El G7 más la Unión Europea reafirmaron en su reunión de ministros de Exteriores, celebrada en Canadá los días 11 y 12 de noviembre, la importancia de mantener la paz y la estabilidad en el estrecho de Taiwán. En su declaración conjunta, los ministros manifestaron su oposición a cualquier intento unilateral de modificar el statu quo, especialmente por la vía militar o coercitiva, y alentaron a resolver las diferencias entre ambas orillas del Estrecho mediante el diálogo.
El ministro de Relaciones Exteriores, Lin Chia-lung (林佳龍), celebró que sea la cuarta vez en 2025 que el G7 se pronuncia en defensa de la estabilidad en el Estrecho, interpretándolo como una muestra de consenso internacional sobre la necesidad de preservar el equilibrio actual. Lin agradeció además que el bloque vuelva a apoyar la participación significativa de Taiwán en organizaciones internacionales, algo que Taipéi considera clave para su reconocimiento global.

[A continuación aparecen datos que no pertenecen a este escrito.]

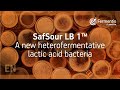 SafSour LB 1™ by Fermentis - Launching now - A new heterofermentative lactic acid bacteria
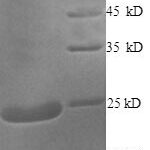 SDS-PAGE separation of QP8561 followed by commassie total protein stain results in a primary band consistent with reported data for Cysteine and glycine-rich protein 2. These data demonstrate Greater than 90% as determined by SDS-PAGE.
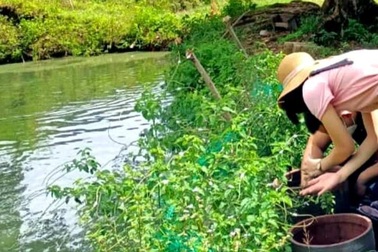 Ghi nhận 3 ca bệnh dương tính với virus Dengue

El Gobierno taiwanés expresó su gratitud a los socios democráticos y reafirmó su compromiso de trabajar junto a ellos para promover la paz, la estabilidad y la prosperidad en la región del Indo-Pacífico. En su comunicado, Exteriores subrayó que Taiwán seguirá impulsando una “diplomacia integral” y destacando sus contribuciones a la cooperación multilateral, en un momento en que la presión diplomática y militar de Pekín se intensifica.

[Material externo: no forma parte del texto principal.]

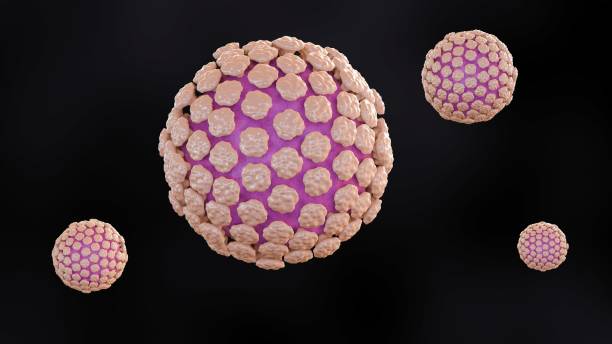 istock 3d rendering of Norovirus causes stomach flu 2149061757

El encuentro del G7 en Canadá contó además con la participación de ministros de países invitados como Brasil, India, Arabia Saudí, México, Corea del Sur, Sudáfrica y Ucrania, con debates centrados en la seguridad marítima, los minerales estratégicos y la energía. En su comunicado final, los ministros también abordaron la guerra en Ucrania y expresaron su preocupación por la expansión militar y nuclear de China continental, instando a Pekín a actuar con transparencia y responsabilidad para preservar la estabilidad internacional.